*WHAT THIS TASK INVOLVES*. Since the listing below shows pictures, leave them out and write out exactly the lines from the line with "De vorige vijf wedstrijden tussen NAC en MVV" to the line with "本地部署与云端部署区别（本地部署和云端部署）-图2", both included, and no others.

*DATASET CONTENT*.

= Beginning of Section =

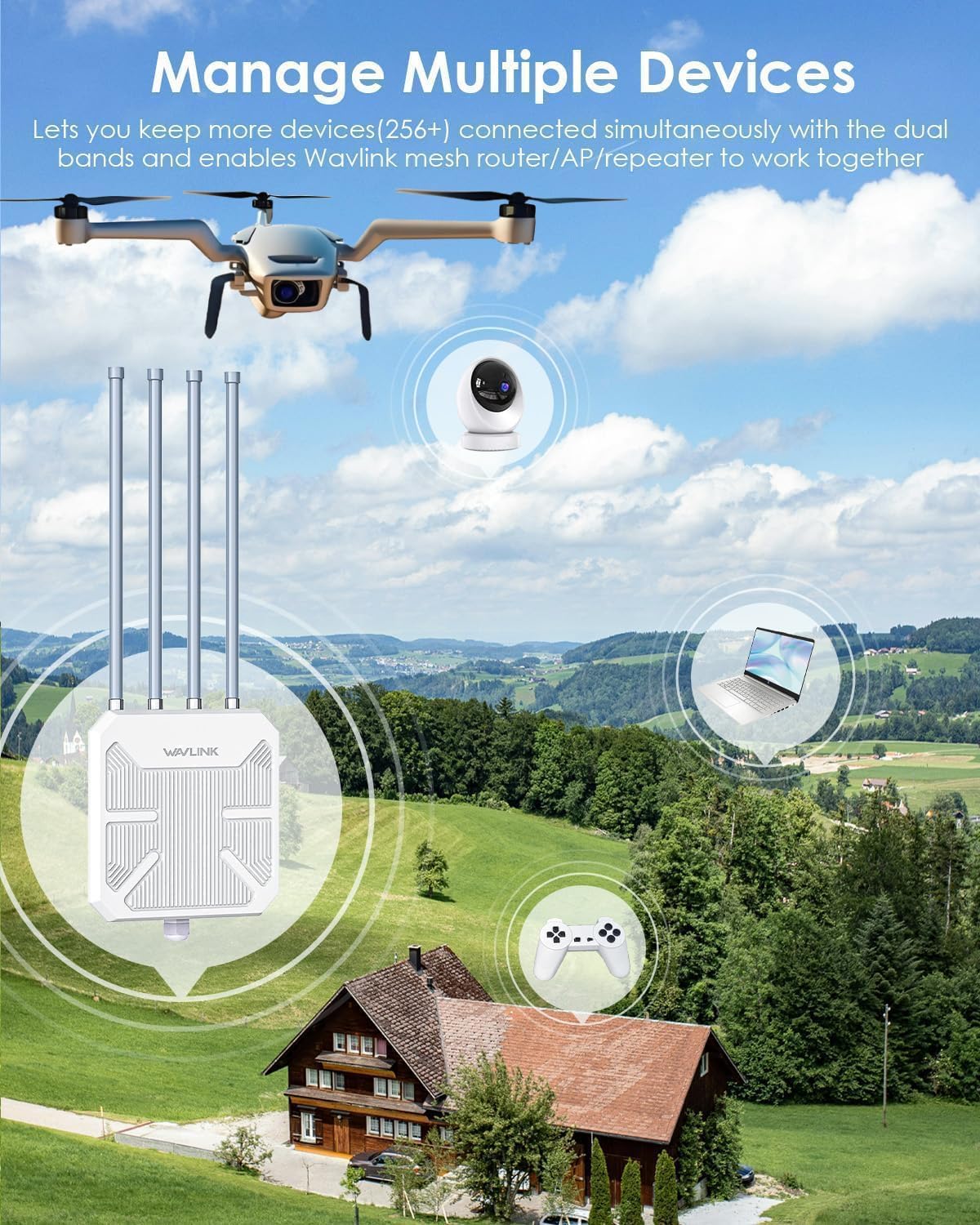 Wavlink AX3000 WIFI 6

= End of Section =
= Beginning of Section =

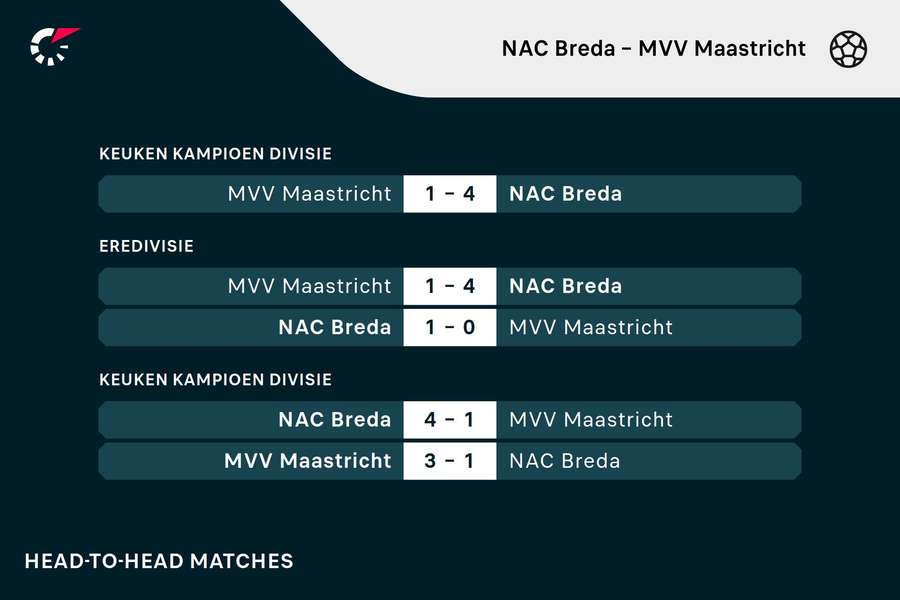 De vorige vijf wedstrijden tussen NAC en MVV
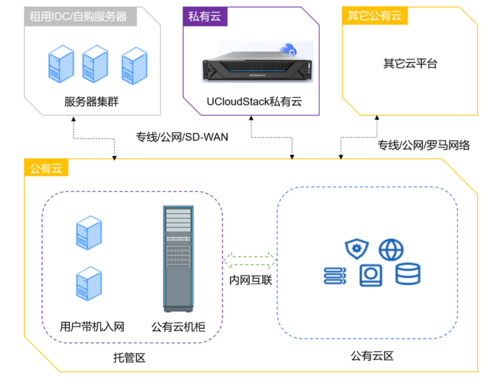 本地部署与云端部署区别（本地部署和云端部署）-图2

= End of Section =

*ANSWER SECTION*.
 De vorige vijf wedstrijden tussen NAC en MVV
 本地部署与云端部署区别（本地部署和云端部署）-图2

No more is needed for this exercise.